Aguardada é também a reacção de Jorge Jesus a esta crise inesperada. O treinador, a quem Bruno de Carvalho garantiu a continuidade em Alvalade antes do jogo de quinta-feira, também criticou a equipa pelos erros em Madrid, durante a conferência de imprensa, mas desconhece-se a sua posição neste braço-de-ferro entre jogadores e presidente.
Se são já incontáveis as guerras que o presidente sportinguista “comprou” desde que assumiu funções, em Março de 2013, as suas baterias estão na maioria das vezes apontadas aos “inimigos externos” ou à ténue oposição interna. Também já atingiu membros da sua própria equipa, como aconteceu com Marco Silva, na temporada 2014-15, que culminou com a saída do treinador. Mas esta situação, pela sua dimensão, é absolutamente inédita, sendo imprevisível a posição que os sócios vão assumir neste diferendo. Algo que poderá começar a ser esclarecido no jogo com o Paços de Ferreira.
Críticas após derrota em Guimarães
Em Novembro de 2014, após uma pesada derrota no terreno do Vitória de Guimarães, por 3-0, Bruno de Carvalho veio igualmente a público censurar a actuação da equipa. Na altura estendeu a reprovação à formação B, que fora goleada pelo Atlético, por 5-0. “Este fim-de-semana jamais poderá ser esquecido. Quer a equipa principal quer a equipa B brindaram os sportinguistas com péssimas exibições que não dignificaram o nosso clube e a nossa camisola. Não demonstraram garra, nem vontade de vencer e isso é lamentável só nos restando pedir desculpa por não termos sido dignos do clube que representamos”, referiu o presidente através de uma mensagem no Facebook.
Declarações que terão precipitado a ruptura com Marco Silva, mas que não mereceram uma reacção dos próprios jogadores.

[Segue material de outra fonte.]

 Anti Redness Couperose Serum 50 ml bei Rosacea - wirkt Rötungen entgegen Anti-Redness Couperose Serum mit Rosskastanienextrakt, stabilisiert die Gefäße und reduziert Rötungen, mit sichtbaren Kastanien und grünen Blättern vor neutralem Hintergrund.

Desta vez, o plantel revoltou-se e as consequências prometem ensombrar o que resta da temporada ao Sporting, que entrou numa fase crucial, com a equipa ainda a poder dar a volta na Liga Europa, a disputar o acesso à final da Taça de Portugal com o FC Porto e com hipóteses mais do que matemáticas para chegar ao título ou, pelo menos, ao segundo lugar, que dá acesso à pré-eliminatória da Liga dos Campeões.
A inspirar a decisão de Bruno de Carvalho de suspender quase todo o plantel poderá ter estado o presidente do Olympiacos, o também polémico Vangelis Marinakis. No início desta semana, o dirigente grego desiludido pelos maus resultados da equipa resolveu multar (400 mil euros) todos os jogadores que enviou para férias até ao final da temporada.
“Vou reconstruir o Olympiacos de uma ponta a outra, e será a equipa com que sonhámos, eu e o resto dos adeptos já vos tolerámos que chegue, vão-se embora hoje”, disse, segundo foi noticiado por vários órgãos de comunicação gregos, que revelaram mais pormenores desta repreensão: “Pago milhões para que vocês tenham tudo, por vossa causa já tive três treinadores, mas no fim parece que vocês é que têm culpa”, acusou Marinakis. Mas, salvem-se as diferenças: o Olympiacos é heptacampeão (com 12 títulos nas últimas 13 temporadas) e segue actualmente na terceira posição a apenas três pontos do líder.